▶ **DESCRIPTION OF THE TASK**
Go through the entries below and give the number of lines that have the string "featuring", and only that.

[Collection entries]
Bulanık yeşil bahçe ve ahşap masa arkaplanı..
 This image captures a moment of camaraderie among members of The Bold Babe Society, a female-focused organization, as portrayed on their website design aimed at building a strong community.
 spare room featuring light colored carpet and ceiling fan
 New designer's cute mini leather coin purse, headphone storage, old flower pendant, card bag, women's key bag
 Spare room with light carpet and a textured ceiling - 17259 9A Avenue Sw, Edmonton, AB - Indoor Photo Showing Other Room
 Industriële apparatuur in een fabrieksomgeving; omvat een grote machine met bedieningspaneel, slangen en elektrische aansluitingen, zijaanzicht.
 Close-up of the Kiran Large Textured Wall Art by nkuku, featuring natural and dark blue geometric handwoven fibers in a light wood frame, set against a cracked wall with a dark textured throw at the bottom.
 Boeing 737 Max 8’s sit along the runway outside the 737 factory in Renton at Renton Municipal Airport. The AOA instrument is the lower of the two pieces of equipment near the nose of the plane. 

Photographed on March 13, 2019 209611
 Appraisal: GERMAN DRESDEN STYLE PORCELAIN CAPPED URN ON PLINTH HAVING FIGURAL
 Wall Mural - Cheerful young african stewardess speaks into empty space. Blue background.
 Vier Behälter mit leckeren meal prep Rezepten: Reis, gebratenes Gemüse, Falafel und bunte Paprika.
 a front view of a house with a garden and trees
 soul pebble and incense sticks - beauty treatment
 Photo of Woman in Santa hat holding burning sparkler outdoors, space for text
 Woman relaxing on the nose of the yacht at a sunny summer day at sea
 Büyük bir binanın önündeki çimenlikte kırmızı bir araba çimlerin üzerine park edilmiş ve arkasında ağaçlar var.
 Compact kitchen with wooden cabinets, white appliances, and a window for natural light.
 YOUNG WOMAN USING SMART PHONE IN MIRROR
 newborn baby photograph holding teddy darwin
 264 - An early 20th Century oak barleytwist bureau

▶ **ANSWER TO THIS EXERCISE**
2